Of course we can say that those are anomalies, that we remember the obviously wrong ones. But look at the 2015 federal election where all three parties at some point were predicted to win. And even the day before the election few were predicting a majority.

The authors talk about overconfident people trying to sound smart by making “smart sounding predictions no matter how wrong they may turn out to be.” They quote Paul Krugman, the winner of the 2006 Nobel Prize in Economics: “Economists’ predictions fail because they overestimate the impact of future technologies.”

The authors also point out, ironically, that Krugman predicted that “the growth of the internet will slow drastically … when it becomes apparent that most people have nothing to say to each other,… By 2005, the Internet’s impact on the economy will be no greater than the fax machine’s.”

So much for experts,

Their conclusion. “Simply admit that the future is far less knowable than you think.”

That doesn’t mean we can’t make predictions. It just means we shouldn’t be be absolutely certain of our infallibility.

6 Likes

i’m also reminded about why ex PM Paul Martin stopped making 5 year predictions when he was finance minister, he stated it was hard enough to predict one year ahead never mind 5 years. as I stated before all these experts say one thing one day and another thing another day for that is their job. sooner or later they might get it right

1 Like

An interesting post DWhite.

This thread has been somewhat problematic. From the very beginning it was set up to be a discussion of an obviously wrong prediction by an individual. Grant was wrong…so what…get over it.

He was incorrect in predicting a specific date in the future. So? But…Wouldn’t it be nice if that one apparently minor flaw made all his prediction untrue?

Whether we admit it or not we all adopt some means of dealing with the unforeseeable – the future. The future is a frightening reality: where and how will I get shelter, clothing, warmth, nourishment, and social contact? Often that question is answered through adoption of particular religious, political, economic or social beliefs etc. Often these beliefs give us some sense of comfort – a means of being less uncertain about the future. It is after all, unknowable.

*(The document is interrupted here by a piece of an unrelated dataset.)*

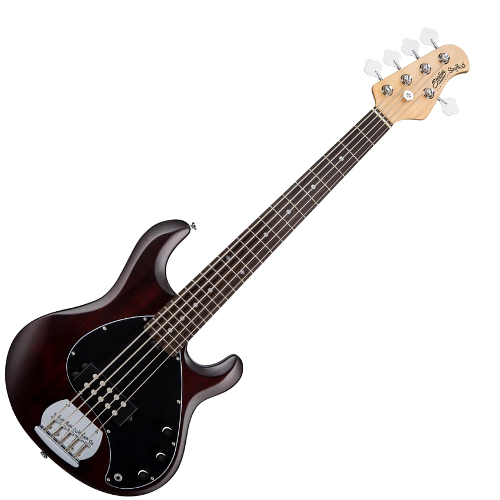STERLING RAY 5 (WS-J1) bas elektryczny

So why the conversation in this thread? From a strong sense of our responsibility to the future? Our commitment to the truth? Or just a strong desire to bully? Why such excitement in declaring again and again that Grant was wrong – maybe it was merely a way of self-re-enforcing that ‘our’ belief in the unfolding of the future is correct – that since ‘we’ know the future we can rest easy.

Neither side has presented a strong coherent argument justifying their rather narrow visions of the road to the future. Each side has repeated, in a variety of ways, a strong politically based belief. But a rational discussion of the future – not. (Both sides have presented – which will only be fully apparent in hindsight – flawed points of view).

As for some of the name calling (remember the premise of this thread was to pick apart the person who made a failed prediction) – I guess the guise of freedom of speech justifies it – but where do we start taking responsibility for using our freedoms judiciously?

But a rational discussion of the future is frightening – so let’s all hang on to our erroneous beliefs about our future: because sometimes on the North Coast that’s all we have.

Maybe with a strong belief in our fallibility, and a recognition of our inability to predict the future…we could look at changing our immediate present?

Thanks for the post DWhite.

By the way: anyone who wishes to accuse me of supporting Grant – you’re kidding me, right?

5 Likes

Tl;dr: Gracies_Mom and Jabber63 are too obsessed with Grant_G.

I’ve decided not to comment anymore on his posts. Merry Christmas :smiley :smiley: :evergreen_tree:

My dog licked out the container of Maclaren’s Sharp Cheddar. And he follows me whatever chair I move to watch TV. Ewwww! Maybe Petronas wants him.